We're seriously considering swopping traditional roles & me returning to work whilst DH stays at home & looks after the children/home. We can't afford to lose my salary whereas we could live without DH's so it seems daft to farm off our 2 young children to stangers when their dad is perfectly capable of looking after them. Reaction from friends & family has been interesting to say the least

I'm amazed how few men do this - do you think this is is because they still more likely to earn more or just because it isn't the 'done' thing?
Interested to hear your views positive & negative
LCN

OP posts:
Mouette · 12/08/2009 17:28

DH is going to leave his job and look after DS when I return to work in January. It's good to hear of other people who did the same thing and made it work! I'm the higher earner, he earns less than a nanny would cost, we don't want to put DS in nursery full time at such a young age (9 months), it seems like the best solution.
Oh, and he really hates his job.

Jux · 12/08/2009 17:32

I'd have jumped at the chance, but sadly our situation did not allow for it. Plenty of men around our way do it though.

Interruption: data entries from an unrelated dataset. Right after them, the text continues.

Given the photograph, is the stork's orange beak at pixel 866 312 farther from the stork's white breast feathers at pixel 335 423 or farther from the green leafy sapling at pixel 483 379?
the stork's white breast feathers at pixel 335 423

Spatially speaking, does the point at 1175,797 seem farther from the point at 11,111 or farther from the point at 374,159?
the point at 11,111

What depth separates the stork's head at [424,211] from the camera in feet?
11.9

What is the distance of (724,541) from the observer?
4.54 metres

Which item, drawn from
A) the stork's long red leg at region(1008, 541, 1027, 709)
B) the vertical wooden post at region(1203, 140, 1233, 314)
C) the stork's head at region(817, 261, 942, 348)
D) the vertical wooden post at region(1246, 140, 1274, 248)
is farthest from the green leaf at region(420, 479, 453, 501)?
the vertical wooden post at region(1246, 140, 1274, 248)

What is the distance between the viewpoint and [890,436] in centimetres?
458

Doobydoo · 12/08/2009 17:36

Have done when ds1 was 4 months until 18 months then dp went to work and I stayed at home.I am going back to Nursing and dp will be at home with ds1[nearly 10] and ds2[2 years and 4 months]and 2 dogs
He is much more patient than me

Doobydoo · 12/08/2009 17:37

I am not the higher earner,but long term my prospects are better.

WidowWadman · 12/08/2009 17:41

If I was able to support us on my salary alone we would have done it. It's a shame that the UK doesn't let the parent choose who is taking leave and who not.

In Germany there is even an incentive of 2 extra months of leave if the parent decide to share.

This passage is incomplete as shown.